** Opening Given information block **

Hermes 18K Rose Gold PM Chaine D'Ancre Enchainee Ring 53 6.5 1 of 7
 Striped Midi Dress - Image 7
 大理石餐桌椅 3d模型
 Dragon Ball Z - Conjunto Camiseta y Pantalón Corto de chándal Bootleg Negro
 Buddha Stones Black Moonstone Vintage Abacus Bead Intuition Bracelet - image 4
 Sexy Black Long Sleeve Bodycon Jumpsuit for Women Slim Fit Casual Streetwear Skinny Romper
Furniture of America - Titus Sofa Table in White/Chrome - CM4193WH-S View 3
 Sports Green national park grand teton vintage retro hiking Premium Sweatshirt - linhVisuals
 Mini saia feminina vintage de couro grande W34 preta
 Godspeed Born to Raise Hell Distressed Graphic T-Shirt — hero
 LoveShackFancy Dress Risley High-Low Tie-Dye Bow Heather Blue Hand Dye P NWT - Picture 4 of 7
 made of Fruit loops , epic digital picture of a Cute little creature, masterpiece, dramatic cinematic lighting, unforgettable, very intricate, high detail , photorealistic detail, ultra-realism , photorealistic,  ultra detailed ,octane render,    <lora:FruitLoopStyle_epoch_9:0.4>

** Closing Given information block **

#### How to complete this task
Whenever a line of the entries contains the string "Dress", copy that line.

#### Written solution
 Striped Midi Dress - Image 7
 LoveShackFancy Dress Risley High-Low Tie-Dye Bow Heather Blue Hand Dye P NWT - Picture 4 of 7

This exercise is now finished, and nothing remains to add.